• EXERCISE DESCRIPTION: From the first line to the last, print the records exactly, leaving out the pictures.

• RECORDS SHOWN:
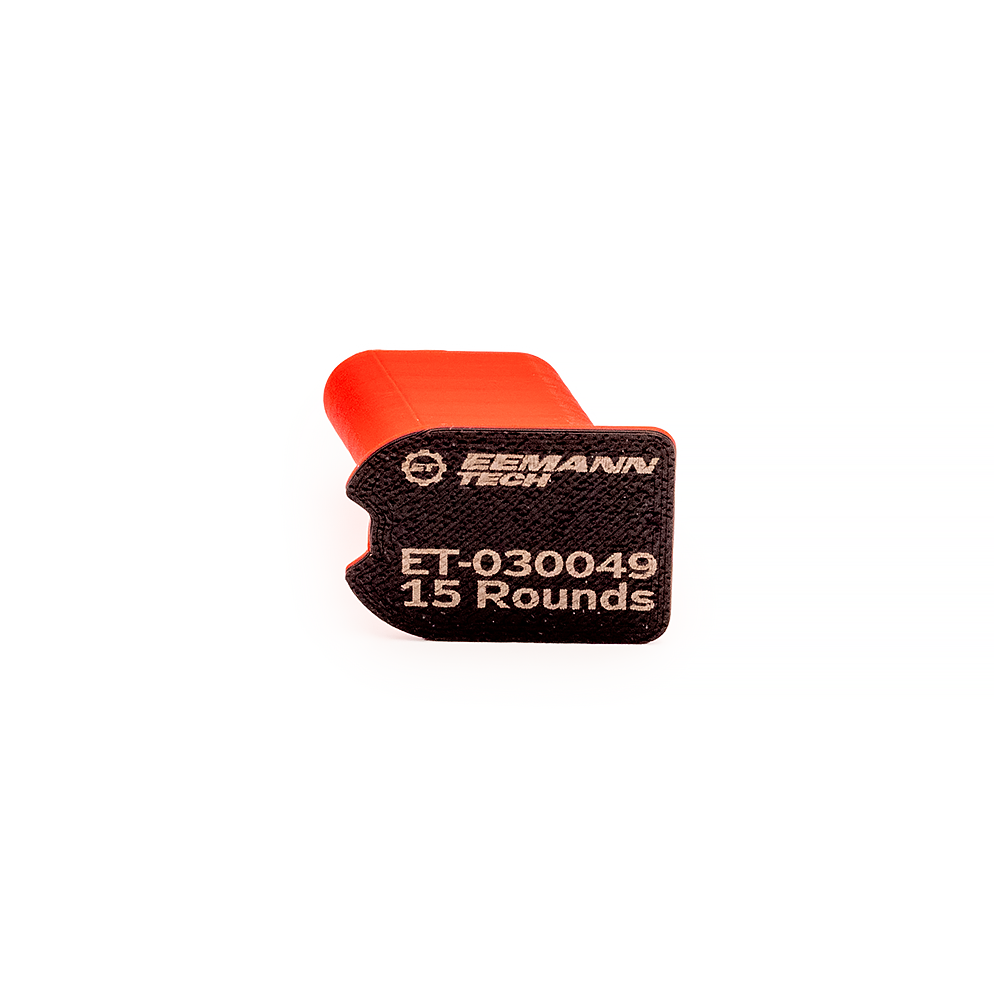 Eemann Tech 15-Rounds Magazine Limiter for CZ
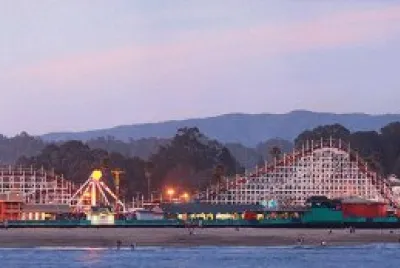 Beach Boardwalk-Santa Cruz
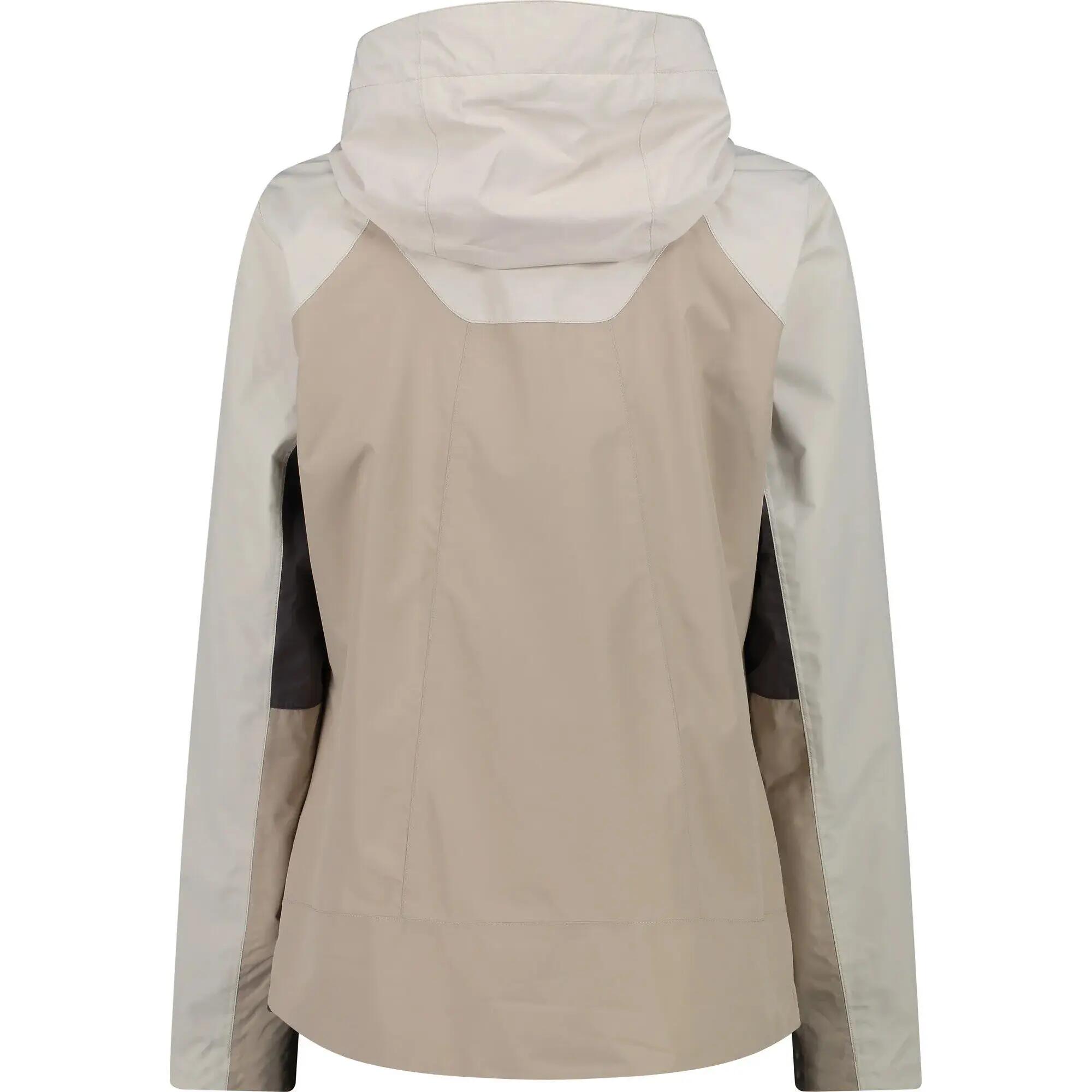 Giacca con cappuccio da donna CMP 3/4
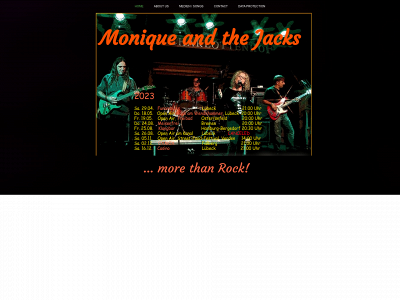 moniqueandthejacks.de snapshot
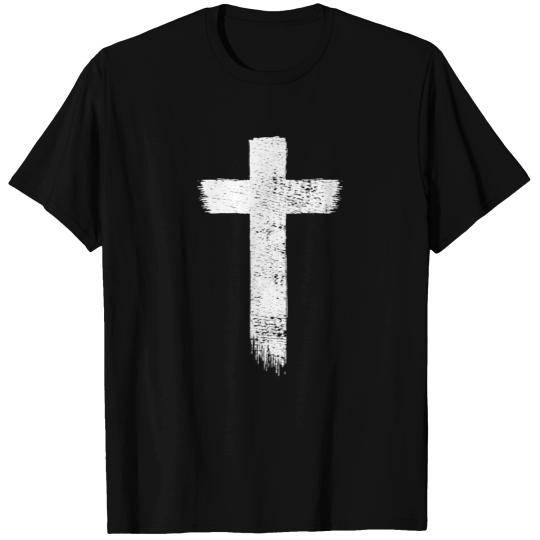 crucifix T Shirts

• TASK SOLUTION:
 Eemann Tech 15-Rounds Magazine Limiter for CZ
 Beach Boardwalk-Santa Cruz
 Giacca con cappuccio da donna CMP 3/4
 moniqueandthejacks.de snapshot
 crucifix T Shirts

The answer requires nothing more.